- _Material to process_:
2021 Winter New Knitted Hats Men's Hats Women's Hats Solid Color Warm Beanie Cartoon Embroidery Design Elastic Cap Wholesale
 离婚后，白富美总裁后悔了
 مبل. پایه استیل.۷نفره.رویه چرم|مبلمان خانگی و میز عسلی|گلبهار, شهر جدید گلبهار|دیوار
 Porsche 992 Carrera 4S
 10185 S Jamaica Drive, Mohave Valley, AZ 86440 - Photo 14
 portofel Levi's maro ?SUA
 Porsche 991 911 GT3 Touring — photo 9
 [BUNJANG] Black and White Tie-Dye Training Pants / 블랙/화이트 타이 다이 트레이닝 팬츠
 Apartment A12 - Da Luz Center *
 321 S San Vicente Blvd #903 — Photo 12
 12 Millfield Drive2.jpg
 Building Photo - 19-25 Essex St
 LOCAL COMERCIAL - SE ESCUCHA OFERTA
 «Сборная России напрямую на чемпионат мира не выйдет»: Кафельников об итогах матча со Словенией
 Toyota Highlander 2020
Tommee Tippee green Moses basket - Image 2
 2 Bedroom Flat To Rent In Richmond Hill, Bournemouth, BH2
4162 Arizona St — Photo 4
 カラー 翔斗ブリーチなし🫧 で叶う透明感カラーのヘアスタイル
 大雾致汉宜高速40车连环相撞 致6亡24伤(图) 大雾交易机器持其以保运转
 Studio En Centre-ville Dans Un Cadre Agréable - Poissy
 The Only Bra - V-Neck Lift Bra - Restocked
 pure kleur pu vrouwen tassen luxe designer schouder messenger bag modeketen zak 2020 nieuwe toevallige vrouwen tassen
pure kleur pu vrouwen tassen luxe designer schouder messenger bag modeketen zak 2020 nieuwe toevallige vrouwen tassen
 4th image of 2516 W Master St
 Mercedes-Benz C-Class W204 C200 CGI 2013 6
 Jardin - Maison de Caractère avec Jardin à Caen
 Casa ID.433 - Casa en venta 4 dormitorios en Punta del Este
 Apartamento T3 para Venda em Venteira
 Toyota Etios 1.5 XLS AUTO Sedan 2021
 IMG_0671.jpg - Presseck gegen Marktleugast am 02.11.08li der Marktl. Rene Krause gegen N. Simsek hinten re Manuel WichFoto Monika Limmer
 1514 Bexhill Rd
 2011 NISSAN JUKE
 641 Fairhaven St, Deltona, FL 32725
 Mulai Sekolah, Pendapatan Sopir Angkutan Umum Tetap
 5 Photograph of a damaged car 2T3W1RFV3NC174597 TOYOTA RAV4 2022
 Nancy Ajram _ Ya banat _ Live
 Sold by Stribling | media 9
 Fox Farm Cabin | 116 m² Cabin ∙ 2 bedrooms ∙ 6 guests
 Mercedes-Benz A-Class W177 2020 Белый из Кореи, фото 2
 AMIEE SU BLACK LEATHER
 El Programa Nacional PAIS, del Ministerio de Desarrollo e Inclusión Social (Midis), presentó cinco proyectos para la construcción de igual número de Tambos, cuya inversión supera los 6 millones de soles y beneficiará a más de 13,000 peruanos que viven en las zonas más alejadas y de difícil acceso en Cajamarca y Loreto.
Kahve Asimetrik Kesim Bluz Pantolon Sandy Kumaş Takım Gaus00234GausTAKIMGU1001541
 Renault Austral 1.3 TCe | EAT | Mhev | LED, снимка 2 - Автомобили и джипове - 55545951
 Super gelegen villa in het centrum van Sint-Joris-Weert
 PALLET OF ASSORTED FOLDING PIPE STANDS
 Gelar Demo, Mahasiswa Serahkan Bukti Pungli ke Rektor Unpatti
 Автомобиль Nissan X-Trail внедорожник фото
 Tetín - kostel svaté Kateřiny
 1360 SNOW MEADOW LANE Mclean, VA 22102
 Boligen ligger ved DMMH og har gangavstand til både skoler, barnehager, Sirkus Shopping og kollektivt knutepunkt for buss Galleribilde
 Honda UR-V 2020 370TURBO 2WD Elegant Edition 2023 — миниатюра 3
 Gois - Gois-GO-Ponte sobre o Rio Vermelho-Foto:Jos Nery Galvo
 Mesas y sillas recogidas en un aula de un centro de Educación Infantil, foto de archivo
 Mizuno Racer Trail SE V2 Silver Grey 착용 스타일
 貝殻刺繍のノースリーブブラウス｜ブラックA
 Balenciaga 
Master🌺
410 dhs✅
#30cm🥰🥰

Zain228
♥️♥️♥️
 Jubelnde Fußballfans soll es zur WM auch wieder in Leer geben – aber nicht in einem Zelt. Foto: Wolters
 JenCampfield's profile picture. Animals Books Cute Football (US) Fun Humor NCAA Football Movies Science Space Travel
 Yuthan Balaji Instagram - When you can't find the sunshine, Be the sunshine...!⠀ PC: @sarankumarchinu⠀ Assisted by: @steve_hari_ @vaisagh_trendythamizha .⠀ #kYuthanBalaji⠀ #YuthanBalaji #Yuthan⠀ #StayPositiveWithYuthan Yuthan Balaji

- _Exercise prompt_:
Please copy, word for word, every line from the first line of the records through the line containing "матча со Словенией", with both of those lines included and nothing else.

- _Answer space_:
2021 Winter New Knitted Hats Men's Hats Women's Hats Solid Color Warm Beanie Cartoon Embroidery Design Elastic Cap Wholesale
 离婚后，白富美总裁后悔了
 مبل. پایه استیل.۷نفره.رویه چرم|مبلمان خانگی و میز عسلی|گلبهار, شهر جدید گلبهار|دیوار
 Porsche 992 Carrera 4S
 10185 S Jamaica Drive, Mohave Valley, AZ 86440 - Photo 14
 portofel Levi's maro ?SUA
 Porsche 991 911 GT3 Touring — photo 9
 [BUNJANG] Black and White Tie-Dye Training Pants / 블랙/화이트 타이 다이 트레이닝 팬츠
 Apartment A12 - Da Luz Center *
 321 S San Vicente Blvd #903 — Photo 12
 12 Millfield Drive2.jpg
 Building Photo - 19-25 Essex St
 LOCAL COMERCIAL - SE ESCUCHA OFERTA
 «Сборная России напрямую на чемпионат мира не выйдет»: Кафельников об итогах матча со Словенией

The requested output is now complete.